Aotearoa Casts Its Shadow on the Clouds
“There is a playful antagonism between the inhabitants of New Zealand’s two islands, North and South,” Man Booker Prize winner Eleanor Catton writes for the Guardian in a story about growing up in New Zealand.
“If you’re a North Islander: the South might have better views, but the North is superior because it has richer culture. If you’re a South Islander: the North might have richer culture, but the South is superior because it has better views.
“It’s a quarrel between substance and form, if you like, a question of emphasis – does a country’s nature owe most to its history, or to its land?
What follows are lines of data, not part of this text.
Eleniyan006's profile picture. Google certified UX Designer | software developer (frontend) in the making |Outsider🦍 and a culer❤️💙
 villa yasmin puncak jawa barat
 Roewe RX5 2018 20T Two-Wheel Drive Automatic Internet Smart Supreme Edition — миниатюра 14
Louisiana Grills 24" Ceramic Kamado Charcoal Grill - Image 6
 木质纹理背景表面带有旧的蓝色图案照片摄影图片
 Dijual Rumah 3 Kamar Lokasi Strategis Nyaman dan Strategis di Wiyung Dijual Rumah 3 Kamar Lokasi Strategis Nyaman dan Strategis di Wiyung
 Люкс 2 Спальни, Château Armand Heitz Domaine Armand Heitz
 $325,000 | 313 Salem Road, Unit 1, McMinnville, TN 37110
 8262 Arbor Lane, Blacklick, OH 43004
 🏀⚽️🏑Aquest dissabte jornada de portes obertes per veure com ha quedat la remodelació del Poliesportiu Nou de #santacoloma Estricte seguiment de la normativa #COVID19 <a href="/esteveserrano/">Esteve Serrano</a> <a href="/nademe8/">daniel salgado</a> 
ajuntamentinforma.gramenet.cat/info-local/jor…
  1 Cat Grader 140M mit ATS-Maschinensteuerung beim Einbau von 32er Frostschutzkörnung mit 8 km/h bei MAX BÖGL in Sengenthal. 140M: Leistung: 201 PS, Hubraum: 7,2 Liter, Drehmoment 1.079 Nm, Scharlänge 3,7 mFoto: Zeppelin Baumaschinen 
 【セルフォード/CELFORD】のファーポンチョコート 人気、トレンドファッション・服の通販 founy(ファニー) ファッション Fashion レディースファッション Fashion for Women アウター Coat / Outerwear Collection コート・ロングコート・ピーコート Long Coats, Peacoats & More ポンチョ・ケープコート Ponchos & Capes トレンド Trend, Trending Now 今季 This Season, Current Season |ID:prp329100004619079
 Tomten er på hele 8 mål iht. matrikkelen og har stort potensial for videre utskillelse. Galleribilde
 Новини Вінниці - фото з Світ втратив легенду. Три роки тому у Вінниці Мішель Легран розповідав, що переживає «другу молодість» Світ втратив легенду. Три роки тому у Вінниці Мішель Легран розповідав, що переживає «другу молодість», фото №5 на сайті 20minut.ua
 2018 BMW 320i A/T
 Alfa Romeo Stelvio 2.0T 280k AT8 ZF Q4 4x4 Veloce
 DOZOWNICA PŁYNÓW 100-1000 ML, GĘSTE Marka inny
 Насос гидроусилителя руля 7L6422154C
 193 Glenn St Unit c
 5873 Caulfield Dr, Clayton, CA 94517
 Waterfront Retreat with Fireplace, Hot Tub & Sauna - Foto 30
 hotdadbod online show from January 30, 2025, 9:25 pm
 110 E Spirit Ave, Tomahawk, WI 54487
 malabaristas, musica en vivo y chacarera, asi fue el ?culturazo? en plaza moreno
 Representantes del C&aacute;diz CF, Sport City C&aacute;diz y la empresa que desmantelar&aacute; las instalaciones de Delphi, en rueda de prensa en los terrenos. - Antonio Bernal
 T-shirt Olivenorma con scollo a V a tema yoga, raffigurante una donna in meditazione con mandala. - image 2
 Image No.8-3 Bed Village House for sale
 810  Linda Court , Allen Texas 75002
“I grew up on the South Island, in a city chosen and beloved by my parents for its proximity to the mountains – Christchurch is two hours distant from the worn saddle of Arthur’s Pass, the mountain village that was and is my father’s spiritual touchstone, his chapel and cathedral in the wild.
“Travel brochures try to capture the quality of New Zealand’s panoramas with adjectives – ‘pristine, ‘untouched’, ‘majestic’. But the words seem cheap and insubstantial, however accurate they may be, in the face of the real thing. The language of description is always a matter of equivalence (a word equals the thing it describes) and so cannot contend with the sublime. But the language of paradox, oxymoron and subtle contradiction – the language of children – does better.
“Aotearoa is a land made perfect only by its opposites, the water and the air. It is both north and south at once. It is a land that casts its shadow on the clouds.”